• [RECORDS FOR THE EXERCISE]
*** Begin section ***

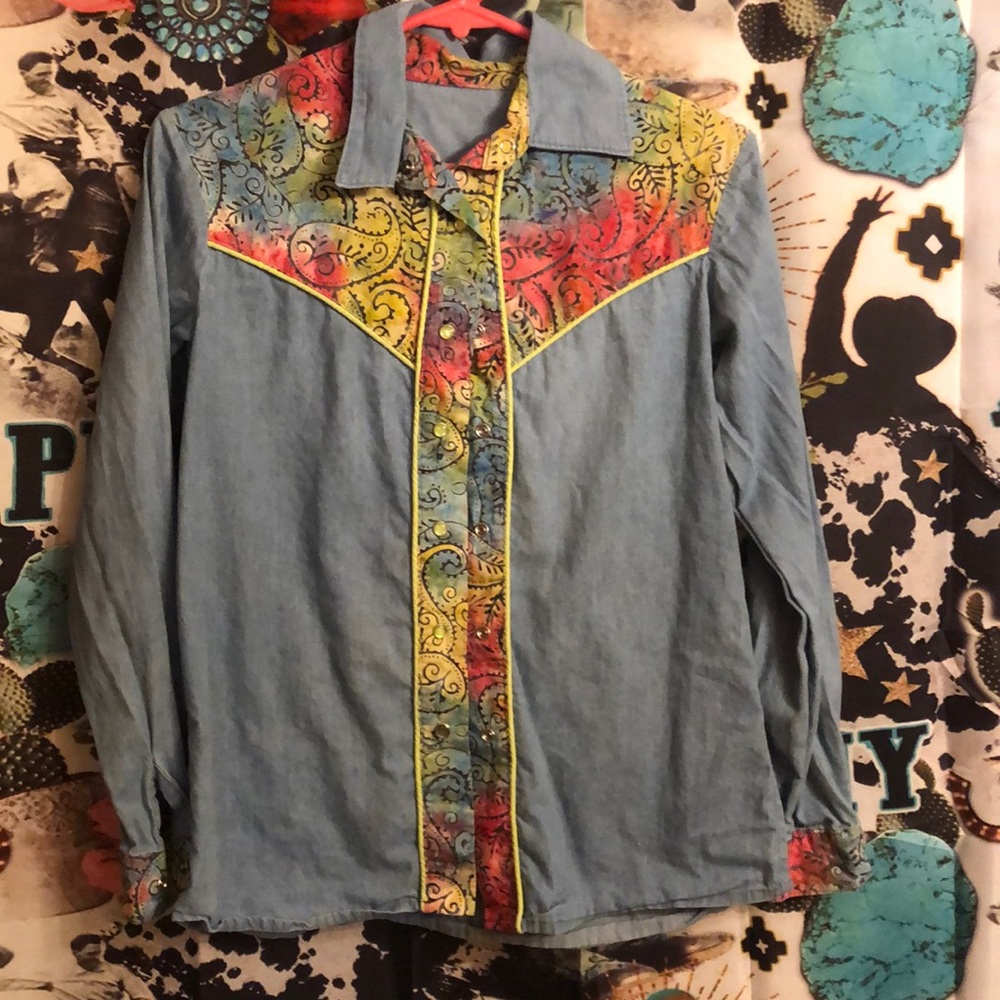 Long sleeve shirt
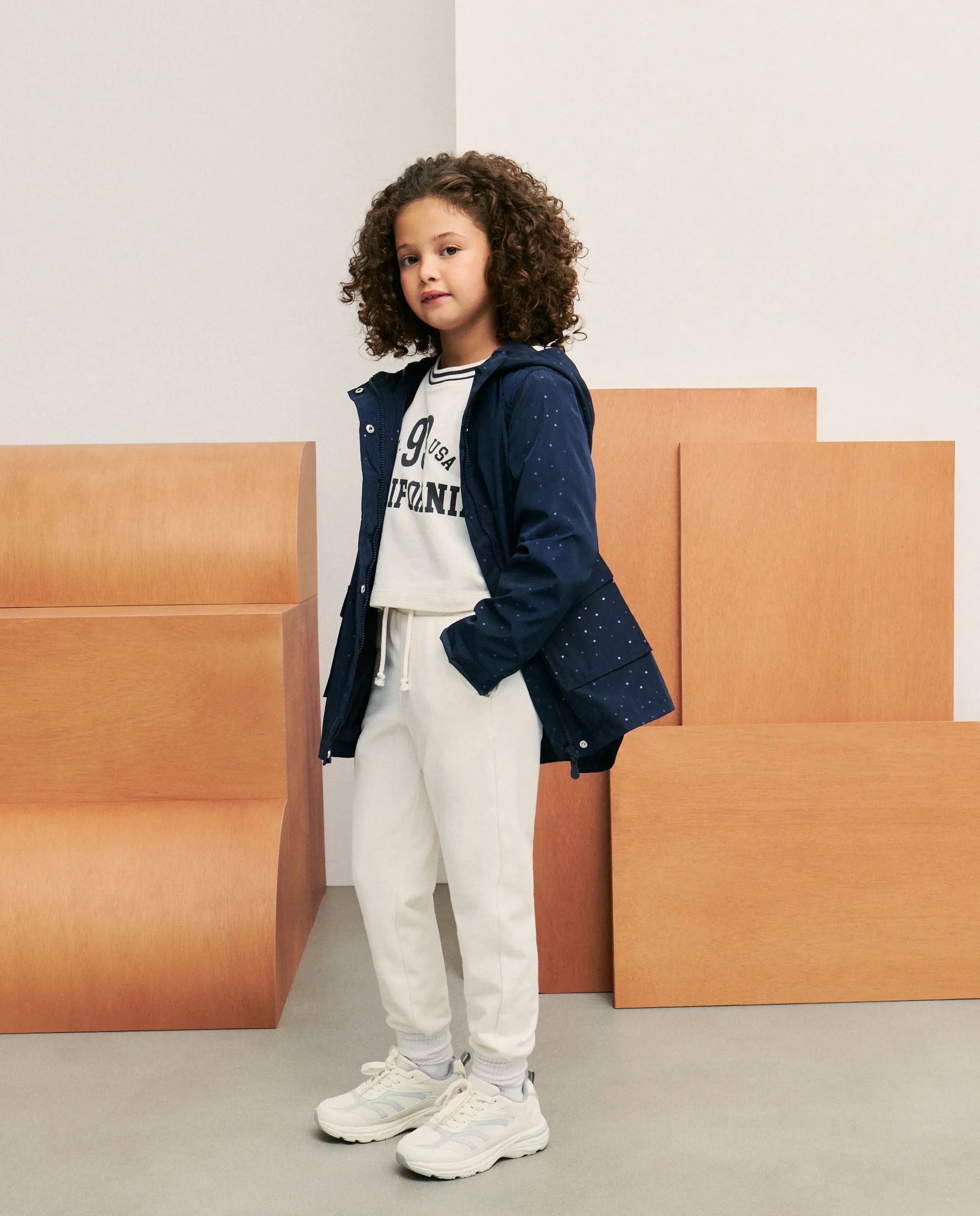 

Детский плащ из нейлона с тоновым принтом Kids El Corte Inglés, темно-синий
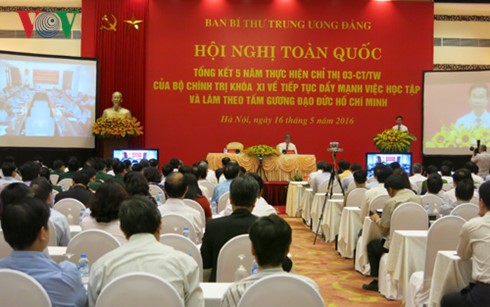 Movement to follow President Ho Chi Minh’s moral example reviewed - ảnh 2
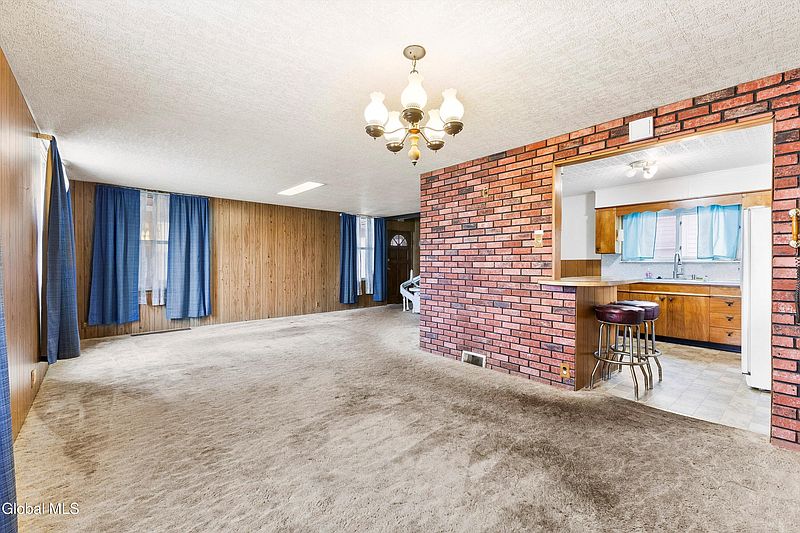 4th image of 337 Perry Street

*** End section ***
*** Begin section ***

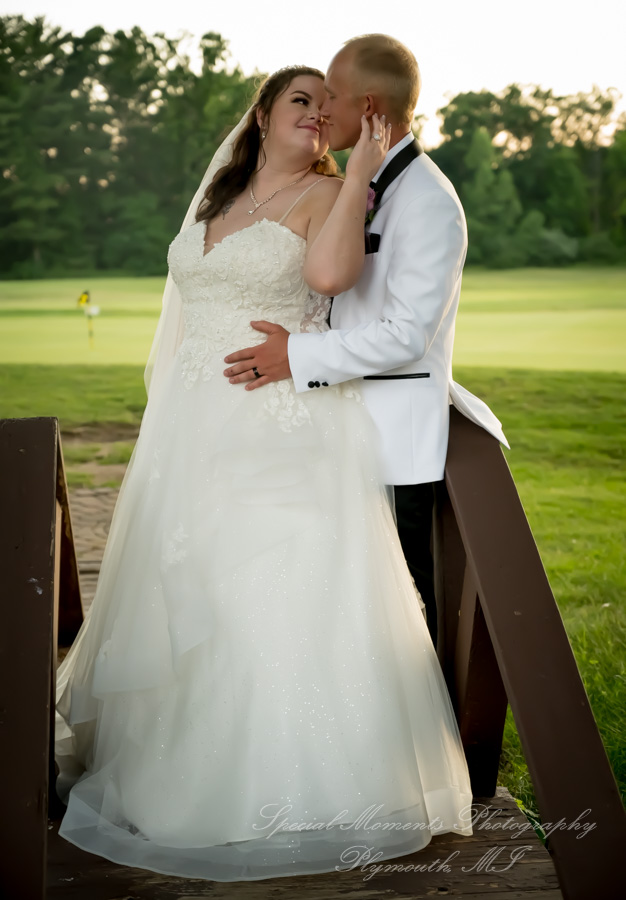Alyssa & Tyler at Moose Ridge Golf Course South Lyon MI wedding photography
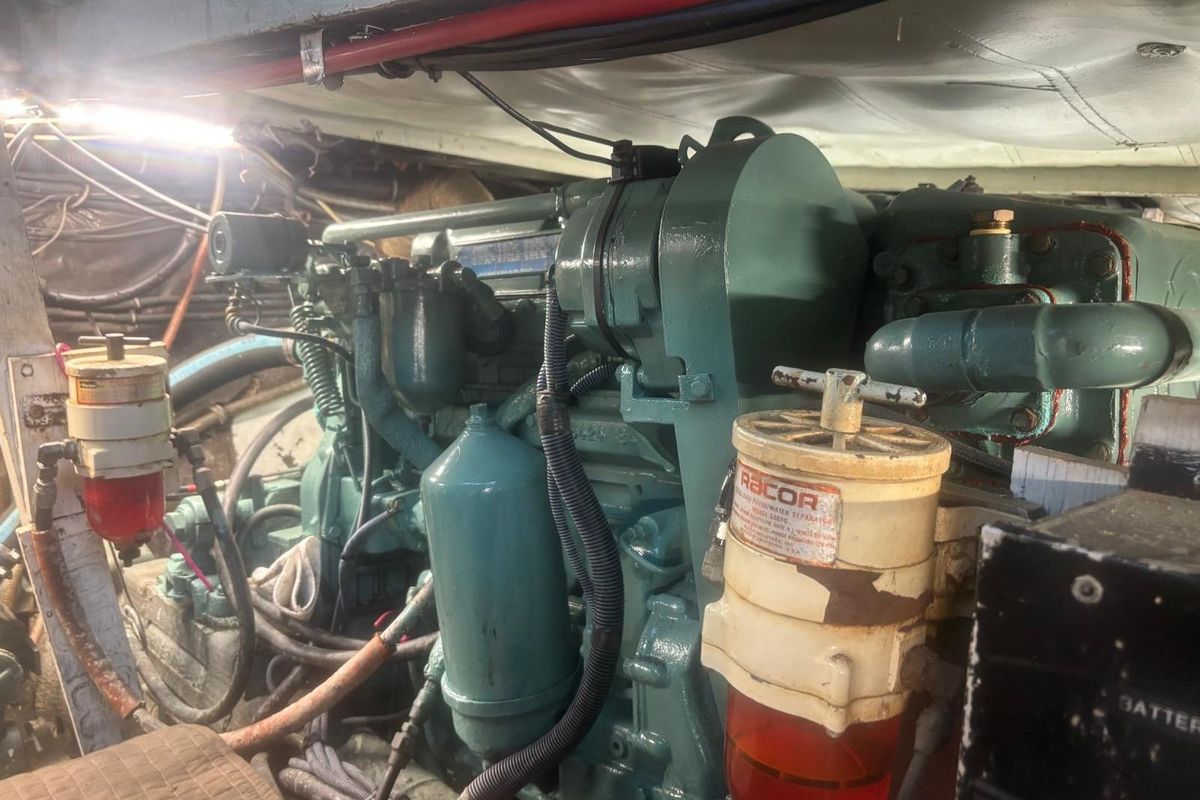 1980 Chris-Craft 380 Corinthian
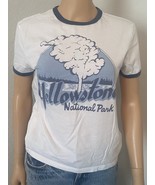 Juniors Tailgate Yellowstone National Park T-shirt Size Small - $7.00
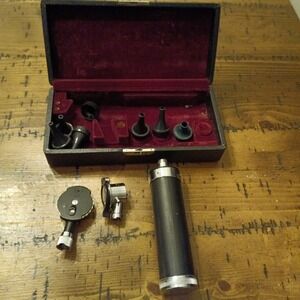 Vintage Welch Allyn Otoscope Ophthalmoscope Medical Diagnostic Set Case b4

*** End section ***

• [WHAT TO DO] Using the data above, return the lines from the one holding "Juniors Tailgate Yellowstone" through the one holding "Vintage Welch Allyn" exactly, but not the pictures.

• [RESPONSE TO THIS EXERCISE]
 Juniors Tailgate Yellowstone National Park T-shirt Size Small - $7.00
 Vintage Welch Allyn Otoscope Ophthalmoscope Medical Diagnostic Set Case b4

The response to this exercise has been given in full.